● Exercise objective
Print, exactly as written, every line from the first line of the records below through the line containing "Large hills of", and nothing further.

(Stored data entries)
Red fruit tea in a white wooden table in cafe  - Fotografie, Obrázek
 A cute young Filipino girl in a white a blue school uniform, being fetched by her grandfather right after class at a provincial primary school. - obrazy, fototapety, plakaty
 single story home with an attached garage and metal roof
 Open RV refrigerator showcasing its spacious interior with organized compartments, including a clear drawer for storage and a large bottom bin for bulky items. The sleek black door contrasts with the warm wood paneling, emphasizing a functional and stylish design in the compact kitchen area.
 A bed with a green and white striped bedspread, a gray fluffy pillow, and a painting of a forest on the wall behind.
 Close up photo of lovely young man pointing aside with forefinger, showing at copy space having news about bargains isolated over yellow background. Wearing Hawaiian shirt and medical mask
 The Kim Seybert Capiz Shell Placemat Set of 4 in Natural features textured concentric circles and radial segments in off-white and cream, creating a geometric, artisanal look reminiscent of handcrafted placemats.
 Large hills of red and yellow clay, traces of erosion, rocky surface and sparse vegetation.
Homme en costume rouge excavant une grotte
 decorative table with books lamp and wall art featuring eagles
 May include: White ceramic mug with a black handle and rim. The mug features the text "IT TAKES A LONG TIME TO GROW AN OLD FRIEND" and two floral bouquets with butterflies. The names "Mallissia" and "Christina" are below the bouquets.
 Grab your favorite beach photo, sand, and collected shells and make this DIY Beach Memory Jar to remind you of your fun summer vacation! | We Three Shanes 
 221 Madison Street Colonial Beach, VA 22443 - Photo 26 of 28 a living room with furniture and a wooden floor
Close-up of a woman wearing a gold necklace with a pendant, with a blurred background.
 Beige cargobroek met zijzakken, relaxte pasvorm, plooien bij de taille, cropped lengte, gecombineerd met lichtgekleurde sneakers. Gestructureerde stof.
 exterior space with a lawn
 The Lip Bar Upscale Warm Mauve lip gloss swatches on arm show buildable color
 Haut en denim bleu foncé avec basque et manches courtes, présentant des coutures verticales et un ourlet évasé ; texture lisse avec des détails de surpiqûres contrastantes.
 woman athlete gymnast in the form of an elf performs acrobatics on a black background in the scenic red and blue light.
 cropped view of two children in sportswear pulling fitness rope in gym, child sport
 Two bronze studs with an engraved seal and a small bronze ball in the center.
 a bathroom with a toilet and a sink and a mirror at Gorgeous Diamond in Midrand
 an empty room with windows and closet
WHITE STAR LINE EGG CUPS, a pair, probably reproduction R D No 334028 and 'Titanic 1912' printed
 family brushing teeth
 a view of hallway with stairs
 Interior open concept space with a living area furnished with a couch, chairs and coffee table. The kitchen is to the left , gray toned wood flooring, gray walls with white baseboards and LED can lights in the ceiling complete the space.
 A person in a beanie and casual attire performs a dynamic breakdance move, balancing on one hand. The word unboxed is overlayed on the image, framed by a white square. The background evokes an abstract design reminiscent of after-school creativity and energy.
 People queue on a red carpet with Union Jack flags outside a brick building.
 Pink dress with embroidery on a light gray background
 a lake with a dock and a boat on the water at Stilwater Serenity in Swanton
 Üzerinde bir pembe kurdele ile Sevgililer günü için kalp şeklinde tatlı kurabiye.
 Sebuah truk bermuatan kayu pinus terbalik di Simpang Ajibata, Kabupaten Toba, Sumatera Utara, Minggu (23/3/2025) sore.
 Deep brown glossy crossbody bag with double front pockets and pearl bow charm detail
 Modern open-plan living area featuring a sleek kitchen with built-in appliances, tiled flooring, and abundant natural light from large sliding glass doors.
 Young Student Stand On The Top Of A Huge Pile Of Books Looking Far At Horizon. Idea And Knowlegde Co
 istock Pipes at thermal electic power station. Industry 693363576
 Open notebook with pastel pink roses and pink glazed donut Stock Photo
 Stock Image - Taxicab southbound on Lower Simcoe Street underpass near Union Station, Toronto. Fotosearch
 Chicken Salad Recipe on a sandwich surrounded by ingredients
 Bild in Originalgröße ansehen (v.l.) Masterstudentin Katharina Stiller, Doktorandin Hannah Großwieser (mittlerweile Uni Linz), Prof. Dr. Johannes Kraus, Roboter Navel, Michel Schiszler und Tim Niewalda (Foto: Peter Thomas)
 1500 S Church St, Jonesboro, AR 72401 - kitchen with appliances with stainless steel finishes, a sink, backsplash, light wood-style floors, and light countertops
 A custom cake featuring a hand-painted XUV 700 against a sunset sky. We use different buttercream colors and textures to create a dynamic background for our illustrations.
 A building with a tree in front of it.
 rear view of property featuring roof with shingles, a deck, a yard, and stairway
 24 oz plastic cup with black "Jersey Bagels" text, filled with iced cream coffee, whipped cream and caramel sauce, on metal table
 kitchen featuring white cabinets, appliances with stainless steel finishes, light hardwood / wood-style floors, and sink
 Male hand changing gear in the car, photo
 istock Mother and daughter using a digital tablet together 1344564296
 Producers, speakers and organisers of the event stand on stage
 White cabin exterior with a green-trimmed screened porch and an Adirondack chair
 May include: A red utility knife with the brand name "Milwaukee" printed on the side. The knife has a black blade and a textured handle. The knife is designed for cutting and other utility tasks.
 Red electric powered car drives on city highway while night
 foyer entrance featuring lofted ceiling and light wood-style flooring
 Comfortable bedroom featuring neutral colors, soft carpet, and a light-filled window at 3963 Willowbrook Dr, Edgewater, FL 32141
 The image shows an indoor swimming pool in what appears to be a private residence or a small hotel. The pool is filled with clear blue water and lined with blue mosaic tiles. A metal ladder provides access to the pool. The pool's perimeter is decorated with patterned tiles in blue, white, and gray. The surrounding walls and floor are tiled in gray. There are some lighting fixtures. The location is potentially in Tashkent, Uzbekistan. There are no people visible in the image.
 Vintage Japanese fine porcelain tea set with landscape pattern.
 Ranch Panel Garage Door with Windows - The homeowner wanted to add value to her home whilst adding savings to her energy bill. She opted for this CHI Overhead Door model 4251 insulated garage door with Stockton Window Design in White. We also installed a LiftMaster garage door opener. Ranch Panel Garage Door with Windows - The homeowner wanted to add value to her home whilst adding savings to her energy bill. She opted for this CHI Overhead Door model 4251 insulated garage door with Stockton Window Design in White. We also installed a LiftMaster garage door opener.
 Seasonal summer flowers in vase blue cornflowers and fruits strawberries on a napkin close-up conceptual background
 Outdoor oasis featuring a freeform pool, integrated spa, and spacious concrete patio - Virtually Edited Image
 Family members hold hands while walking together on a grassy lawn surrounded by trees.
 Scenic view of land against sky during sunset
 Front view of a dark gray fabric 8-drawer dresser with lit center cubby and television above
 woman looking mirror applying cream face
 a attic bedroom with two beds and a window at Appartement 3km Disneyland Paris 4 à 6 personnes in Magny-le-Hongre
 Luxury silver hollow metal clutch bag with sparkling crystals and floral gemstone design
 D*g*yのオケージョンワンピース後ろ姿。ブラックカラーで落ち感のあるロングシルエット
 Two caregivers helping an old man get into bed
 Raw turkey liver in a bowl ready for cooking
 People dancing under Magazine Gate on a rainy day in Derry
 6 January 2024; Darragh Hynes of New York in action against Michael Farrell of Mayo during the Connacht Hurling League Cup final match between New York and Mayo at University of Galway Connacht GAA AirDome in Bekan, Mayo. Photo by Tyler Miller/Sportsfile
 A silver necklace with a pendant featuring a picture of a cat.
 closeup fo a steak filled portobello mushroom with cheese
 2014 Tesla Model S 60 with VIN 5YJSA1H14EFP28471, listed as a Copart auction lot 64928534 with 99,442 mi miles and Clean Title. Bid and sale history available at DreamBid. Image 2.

● Result for this task
Red fruit tea in a white wooden table in cafe  - Fotografie, Obrázek
 A cute young Filipino girl in a white a blue school uniform, being fetched by her grandfather right after class at a provincial primary school. - obrazy, fototapety, plakaty
 single story home with an attached garage and metal roof
 Open RV refrigerator showcasing its spacious interior with organized compartments, including a clear drawer for storage and a large bottom bin for bulky items. The sleek black door contrasts with the warm wood paneling, emphasizing a functional and stylish design in the compact kitchen area.
 A bed with a green and white striped bedspread, a gray fluffy pillow, and a painting of a forest on the wall behind.
 Close up photo of lovely young man pointing aside with forefinger, showing at copy space having news about bargains isolated over yellow background. Wearing Hawaiian shirt and medical mask
 The Kim Seybert Capiz Shell Placemat Set of 4 in Natural features textured concentric circles and radial segments in off-white and cream, creating a geometric, artisanal look reminiscent of handcrafted placemats.
 Large hills of red and yellow clay, traces of erosion, rocky surface and sparse vegetation.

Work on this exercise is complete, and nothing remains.